Before windows was the de facto standard, now standards are.

It's a positive direction.

I Hire Friends

May 4th, 2011

It's too bad that nepotism has been given a bad rap by incompetent cousins of corporate despots.

My hiring policy is this: Hire friends.
Not that you shouldn't hire people you don't know, but even if I don't know them already, I want hire a person I can imagine being a future friend.
Obviously, a ridiculous level of skill is a prerequisite as well,  but besides that I look for people who are just to awesome on all levels to not hire.

To me, the right kind of thinking and personality and general skill counts more heavily than X years of experience with technology Y or a ph.d. in Z.

Open Game Platform – Lessons from SCUMMVM

November 26th, 2010

I grew up playing (and loving) LucasArts' SCUMM games, and I've been continuously thrilled by the extended life they are getting, simply from SCUMMVM being ported to a huge number of platforms.

It doesn't matter that the games we made long ago, and never intended for Mac, PSP, iPhone or whatever the latest gadget is. Because of the way SCUMM was made, the games seem to have an ever-growing install base.

This led me to think: Could this be done on a larger scale?

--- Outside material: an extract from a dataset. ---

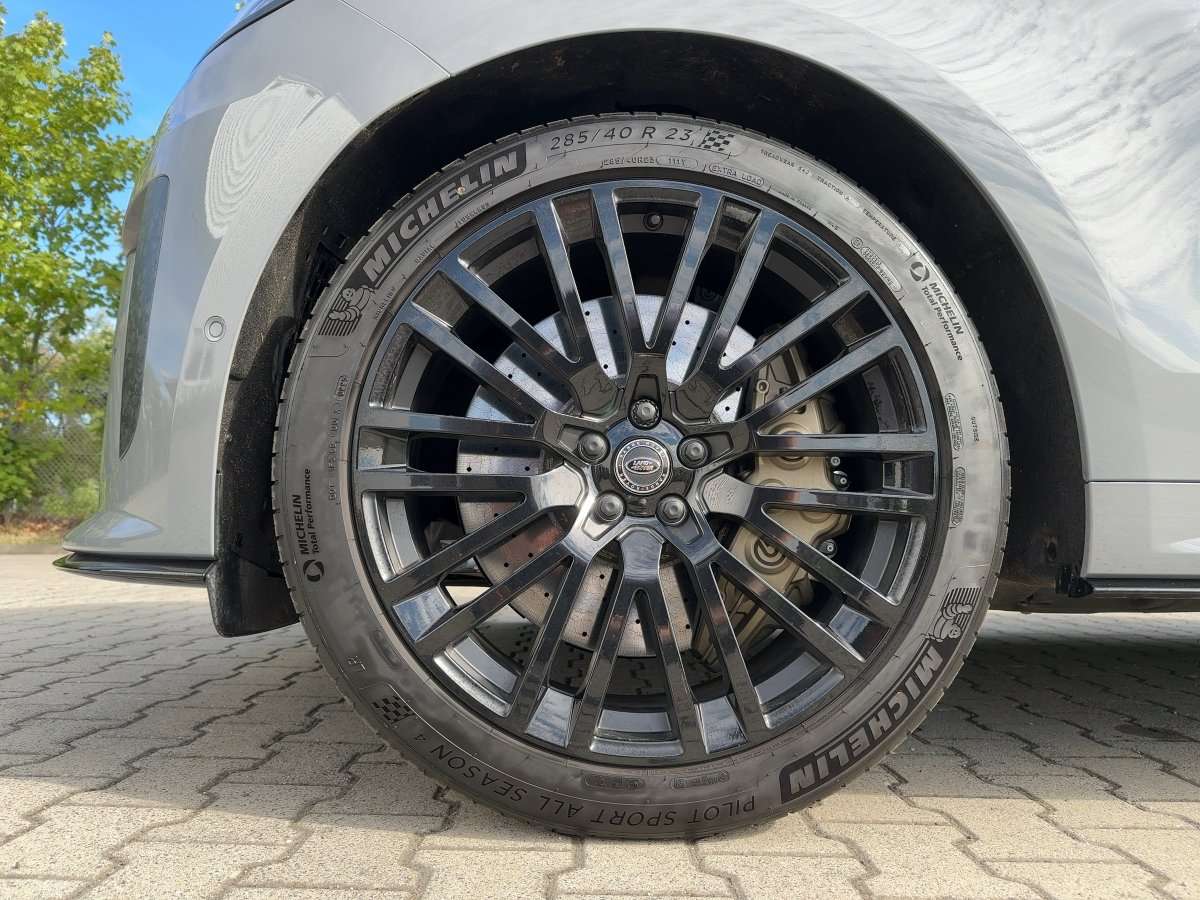 Fahrzeugbild eines Land Rover Range Rover Sport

What if an Open Game Platform was designed, which utilized technologies such as LVVM and standard graphics APIs, plus a lot of other standard functionality (asset loading, etc), to make a virtual, standardized platform to run games on. And then that platform could simply be implemented on a heap of devices.
So, if Company X decides to create a new set top box or a handheld, they could decide to implement the Open Game Platform, and then there would be a world of games that could be run directly run on their device from launch day, with no need to port or recompile the individual games.

I am not blind to the huge challenge of deciding the feature set and control schemes that would make this a good platform, but I think those things could be overcome, if you make one important decision: This platform could not and should not cater to every game that could possibly be made. It should simply be a reasonable feature set that would allow a lot games to work, and which would work for the many, many indie game developers.

I think it would be reasonable to make separate platforms for 2D games and 3D games.

I am aware that a number of platforms exist that could reasonably be used for this – for example, Java with JavaFX/Java3D/whatever. Or the .NET CLR with some additions – but I think they are too general for that to really work well. I am sure you could possibly use some of these technologies as parts for the Open Game Platform, but in themselves they are too general.

It would make sense to build this heavily out of BSD/MIT licensed open source projects by the bulk.

Just a thought – but one that made me register opengameplatform.com/.org.